3. Burial Ground at Tullamore Road, Edenderry, Co. Offaly.
4. Burial Ground at Newgarden, Co. Carlow.
5. Burial Ground at Knockballymeagher, Co. Tipperary.
6. Burial Ground at Ballymurrinmore, Co. Wicklow.
7. Burial Ground at Mounthrath, Co. Laois.
8. Burial Ground at Cork Street, Dublin City, Co. Dublin.
9. Burial Ground at Moate, Co. Westmeath.
10. Burial Ground at Kilconnithinmore, Co. Tipperary (AKA Quakerstown in the Borrisokane/Cloughjordan area).
11. Burial Ground at Templehill, Blackrock, Co. Dublin.
12. Burial Ground at Youghal, Co. Cork.
13. Burial Ground at Cooladine, Enniscorthy, Co.
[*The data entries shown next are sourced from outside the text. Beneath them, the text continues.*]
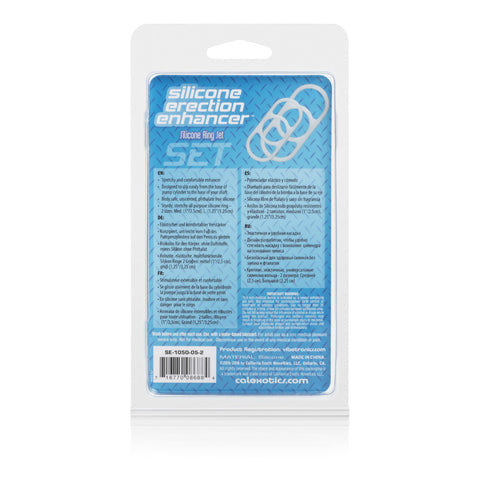 Silicone Erection Enhancer Set 2 Pack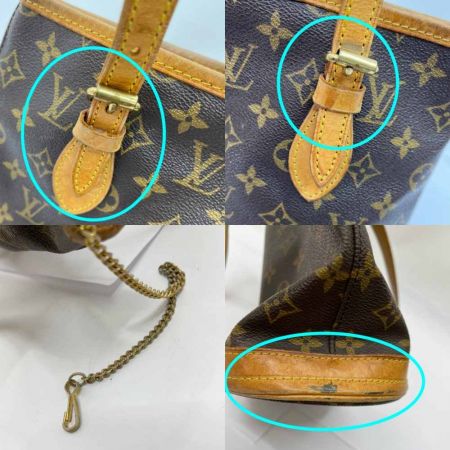  LOUIS VUITTON ルイヴィトン トートバッグモノグラム プチ・バケット M42238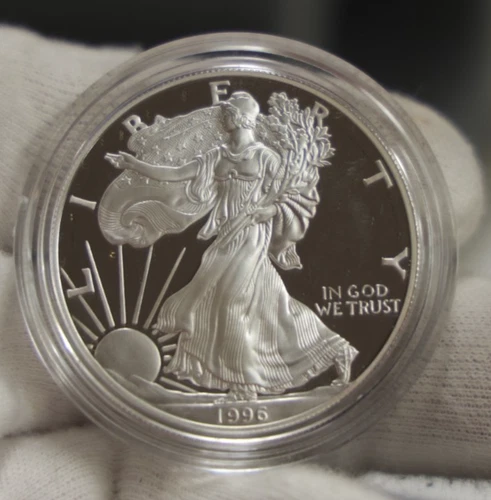 1996 P US Proof Silver Eagle $1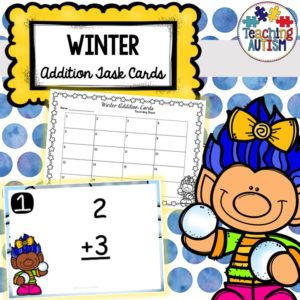 Winter Addition Task Cards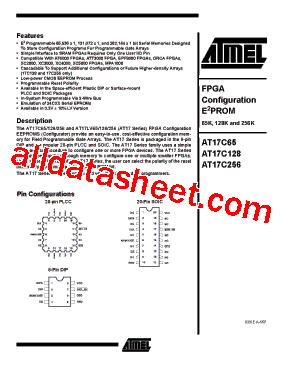 AT17C256-10CC型号图片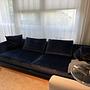 Ray Sofa Samt Blau 3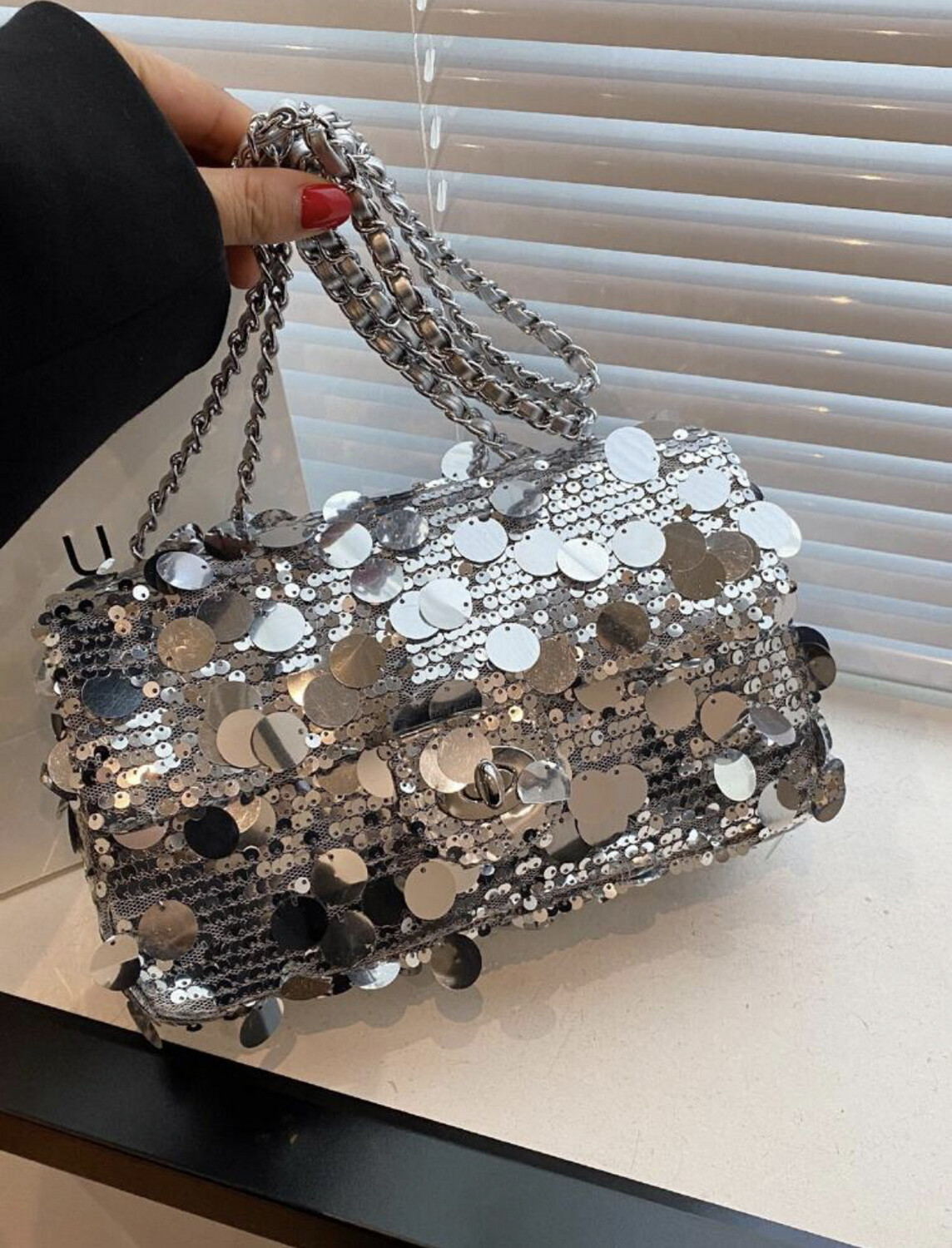 Silver bag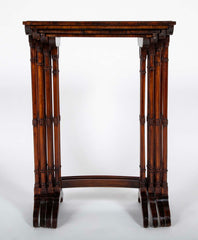 A Set of Four Early 19th Century Regency Nesting Tables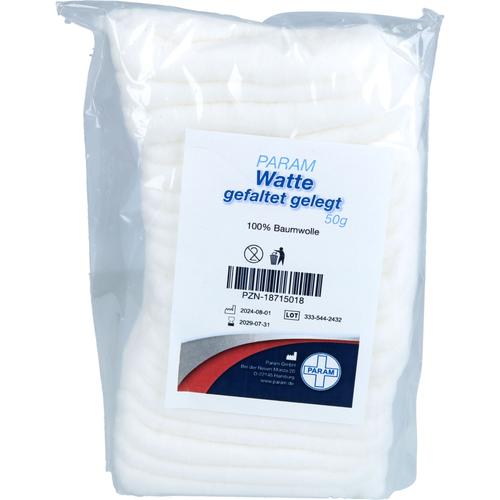 Watte Gefaltet Gelegt 100% Baumwolle 50 g Param bei onfy.de kaufen 18715018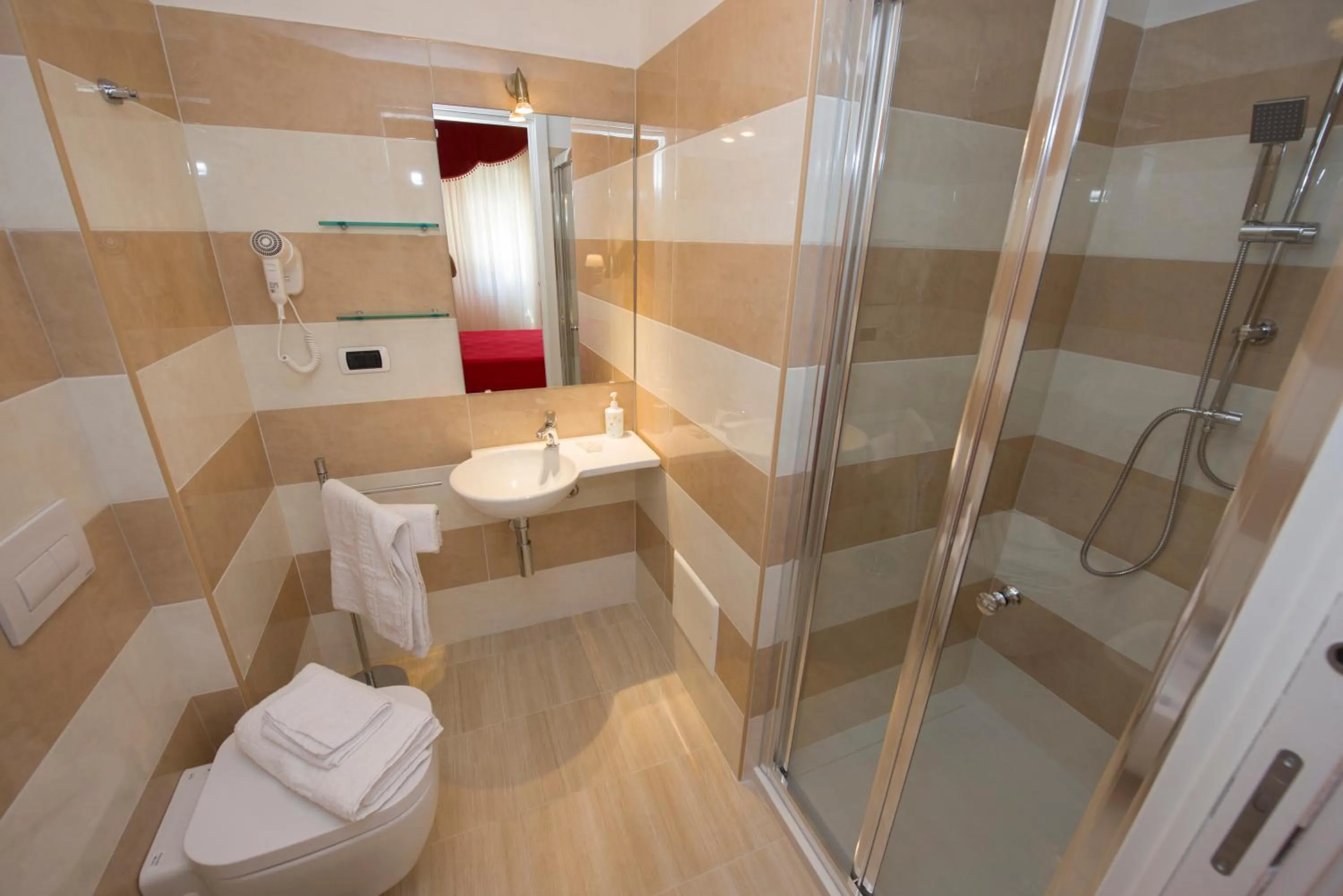 Shower in Passo del Cavaliere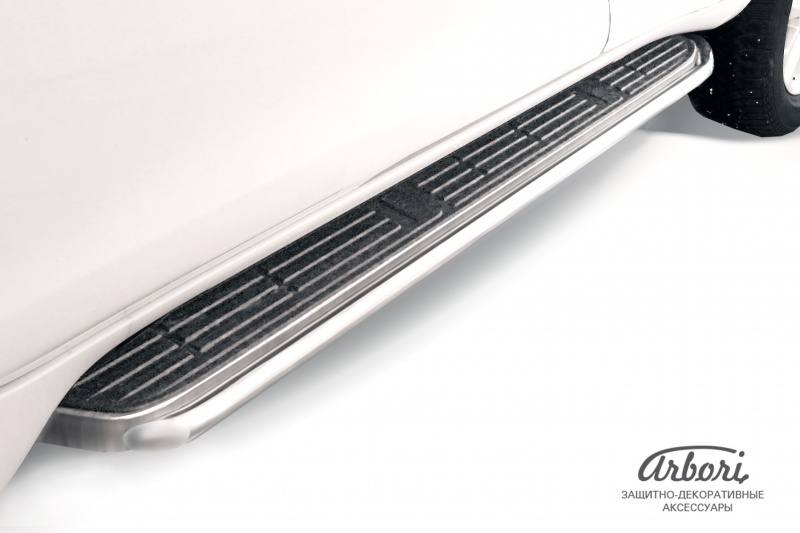 Защита порогов Arbori AFZDATOP1407 серебристый TOYOTA LAND CRUISER PRADO J150 2014-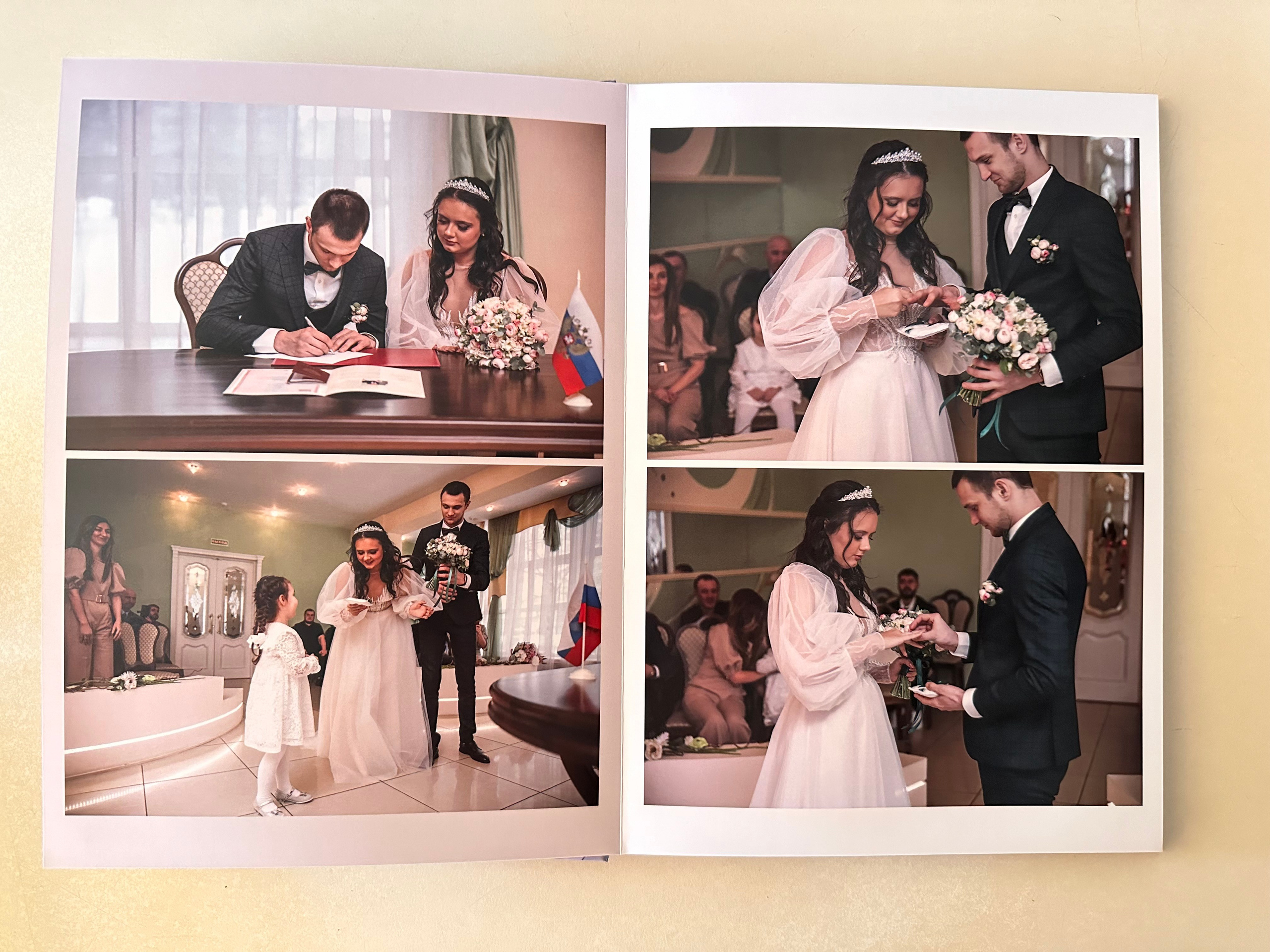 Свадебная фотокнига 21*30. Фотограф г. Пенза — Светлана Зойкина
Wexford.
14. Burial Ground at Ballinclay, Clogh near Camolin, Co. Wexford.
15. Burial Ground at New Ross, Co. Wexford.
16. Burial Ground at Forest, Near Taghmon, Co. Wexford.
17. Burial Ground at Summerhill South, Cork City, Co. Cork.
18. Burial Ground at Ballinacurra, Limerick City, Co. Limerick.
19. Burial Ground at Edenderry, Co. Offaly.
20. Burial Ground at Ballybrads, Cahir, Co. Tipperary.

==Archives==
The Archives of the Religious Society of Friends are held in Quaker House, Stocking Lane, Rathfarnham, Dublin 16 and Meeting House, Lisburn, County Antrim.